_WHAT THE TASK REQUIRES:_
Repeat every entry below exactly as given.

_DATA RECORDS:_
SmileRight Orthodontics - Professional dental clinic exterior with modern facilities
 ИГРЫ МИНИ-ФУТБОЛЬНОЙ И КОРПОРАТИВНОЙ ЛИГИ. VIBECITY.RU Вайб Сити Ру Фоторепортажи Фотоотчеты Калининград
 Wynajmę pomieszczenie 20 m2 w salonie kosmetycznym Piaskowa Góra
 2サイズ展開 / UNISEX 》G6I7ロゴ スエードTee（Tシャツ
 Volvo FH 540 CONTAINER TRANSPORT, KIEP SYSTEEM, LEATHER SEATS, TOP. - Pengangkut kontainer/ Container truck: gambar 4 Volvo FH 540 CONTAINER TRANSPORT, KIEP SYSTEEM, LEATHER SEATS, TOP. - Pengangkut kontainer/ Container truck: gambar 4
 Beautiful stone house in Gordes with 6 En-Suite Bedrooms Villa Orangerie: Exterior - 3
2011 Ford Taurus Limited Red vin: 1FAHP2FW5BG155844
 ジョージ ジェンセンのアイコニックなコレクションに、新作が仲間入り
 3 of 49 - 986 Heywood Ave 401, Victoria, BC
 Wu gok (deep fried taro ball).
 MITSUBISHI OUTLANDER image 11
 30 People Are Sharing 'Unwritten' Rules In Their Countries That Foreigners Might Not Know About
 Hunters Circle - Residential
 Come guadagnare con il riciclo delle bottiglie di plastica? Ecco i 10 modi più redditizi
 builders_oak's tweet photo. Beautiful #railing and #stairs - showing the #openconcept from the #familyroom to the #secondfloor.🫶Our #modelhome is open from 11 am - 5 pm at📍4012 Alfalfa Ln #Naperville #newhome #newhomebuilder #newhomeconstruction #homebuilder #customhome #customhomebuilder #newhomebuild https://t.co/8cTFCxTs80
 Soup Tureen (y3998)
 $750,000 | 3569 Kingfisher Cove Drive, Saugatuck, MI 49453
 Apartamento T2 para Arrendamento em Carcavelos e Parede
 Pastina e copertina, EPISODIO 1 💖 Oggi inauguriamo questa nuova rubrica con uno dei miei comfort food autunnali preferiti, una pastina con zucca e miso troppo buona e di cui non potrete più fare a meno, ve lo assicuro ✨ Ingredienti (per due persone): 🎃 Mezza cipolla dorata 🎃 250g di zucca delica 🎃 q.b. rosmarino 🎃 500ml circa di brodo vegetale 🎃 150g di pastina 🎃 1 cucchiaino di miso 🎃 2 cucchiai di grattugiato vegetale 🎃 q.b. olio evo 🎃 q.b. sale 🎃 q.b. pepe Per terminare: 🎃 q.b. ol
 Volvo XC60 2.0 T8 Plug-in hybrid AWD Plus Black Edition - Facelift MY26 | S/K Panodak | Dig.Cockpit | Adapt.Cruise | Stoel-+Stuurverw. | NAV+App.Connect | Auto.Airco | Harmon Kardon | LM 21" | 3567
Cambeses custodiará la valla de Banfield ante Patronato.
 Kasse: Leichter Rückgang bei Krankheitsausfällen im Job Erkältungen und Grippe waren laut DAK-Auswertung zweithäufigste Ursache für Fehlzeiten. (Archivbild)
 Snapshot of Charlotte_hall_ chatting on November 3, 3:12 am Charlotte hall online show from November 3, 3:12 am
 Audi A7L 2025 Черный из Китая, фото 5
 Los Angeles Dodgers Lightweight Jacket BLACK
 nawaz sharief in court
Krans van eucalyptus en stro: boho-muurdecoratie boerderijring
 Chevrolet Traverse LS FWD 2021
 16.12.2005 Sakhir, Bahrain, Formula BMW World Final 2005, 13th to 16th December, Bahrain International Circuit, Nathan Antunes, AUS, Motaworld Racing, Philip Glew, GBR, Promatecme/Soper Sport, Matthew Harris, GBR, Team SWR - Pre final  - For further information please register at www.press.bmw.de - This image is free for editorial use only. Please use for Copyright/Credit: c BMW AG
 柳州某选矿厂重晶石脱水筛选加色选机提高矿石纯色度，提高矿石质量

_SOLUTION BELOW:_
SmileRight Orthodontics - Professional dental clinic exterior with modern facilities
 ИГРЫ МИНИ-ФУТБОЛЬНОЙ И КОРПОРАТИВНОЙ ЛИГИ. VIBECITY.RU Вайб Сити Ру Фоторепортажи Фотоотчеты Калининград
 Wynajmę pomieszczenie 20 m2 w salonie kosmetycznym Piaskowa Góra
 2サイズ展開 / UNISEX 》G6I7ロゴ スエードTee（Tシャツ
 Volvo FH 540 CONTAINER TRANSPORT, KIEP SYSTEEM, LEATHER SEATS, TOP. - Pengangkut kontainer/ Container truck: gambar 4 Volvo FH 540 CONTAINER TRANSPORT, KIEP SYSTEEM, LEATHER SEATS, TOP. - Pengangkut kontainer/ Container truck: gambar 4
 Beautiful stone house in Gordes with 6 En-Suite Bedrooms Villa Orangerie: Exterior - 3
2011 Ford Taurus Limited Red vin: 1FAHP2FW5BG155844
 ジョージ ジェンセンのアイコニックなコレクションに、新作が仲間入り
 3 of 49 - 986 Heywood Ave 401, Victoria, BC
 Wu gok (deep fried taro ball).
 MITSUBISHI OUTLANDER image 11
 30 People Are Sharing 'Unwritten' Rules In Their Countries That Foreigners Might Not Know About
 Hunters Circle - Residential
 Come guadagnare con il riciclo delle bottiglie di plastica? Ecco i 10 modi più redditizi
 builders_oak's tweet photo. Beautiful #railing and #stairs - showing the #openconcept from the #familyroom to the #secondfloor.🫶Our #modelhome is open from 11 am - 5 pm at📍4012 Alfalfa Ln #Naperville #newhome #newhomebuilder #newhomeconstruction #homebuilder #customhome #customhomebuilder #newhomebuild https://t.co/8cTFCxTs80
 Soup Tureen (y3998)
 $750,000 | 3569 Kingfisher Cove Drive, Saugatuck, MI 49453
 Apartamento T2 para Arrendamento em Carcavelos e Parede
 Pastina e copertina, EPISODIO 1 💖 Oggi inauguriamo questa nuova rubrica con uno dei miei comfort food autunnali preferiti, una pastina con zucca e miso troppo buona e di cui non potrete più fare a meno, ve lo assicuro ✨ Ingredienti (per due persone): 🎃 Mezza cipolla dorata 🎃 250g di zucca delica 🎃 q.b. rosmarino 🎃 500ml circa di brodo vegetale 🎃 150g di pastina 🎃 1 cucchiaino di miso 🎃 2 cucchiai di grattugiato vegetale 🎃 q.b. olio evo 🎃 q.b. sale 🎃 q.b. pepe Per terminare: 🎃 q.b. ol
 Volvo XC60 2.0 T8 Plug-in hybrid AWD Plus Black Edition - Facelift MY26 | S/K Panodak | Dig.Cockpit | Adapt.Cruise | Stoel-+Stuurverw. | NAV+App.Connect | Auto.Airco | Harmon Kardon | LM 21" | 3567
Cambeses custodiará la valla de Banfield ante Patronato.
 Kasse: Leichter Rückgang bei Krankheitsausfällen im Job Erkältungen und Grippe waren laut DAK-Auswertung zweithäufigste Ursache für Fehlzeiten. (Archivbild)
 Snapshot of Charlotte_hall_ chatting on November 3, 3:12 am Charlotte hall online show from November 3, 3:12 am
 Audi A7L 2025 Черный из Китая, фото 5
 Los Angeles Dodgers Lightweight Jacket BLACK
 nawaz sharief in court
Krans van eucalyptus en stro: boho-muurdecoratie boerderijring
 Chevrolet Traverse LS FWD 2021
 16.12.2005 Sakhir, Bahrain, Formula BMW World Final 2005, 13th to 16th December, Bahrain International Circuit, Nathan Antunes, AUS, Motaworld Racing, Philip Glew, GBR, Promatecme/Soper Sport, Matthew Harris, GBR, Team SWR - Pre final  - For further information please register at www.press.bmw.de - This image is free for editorial use only. Please use for Copyright/Credit: c BMW AG
 柳州某选矿厂重晶石脱水筛选加色选机提高矿石纯色度，提高矿石质量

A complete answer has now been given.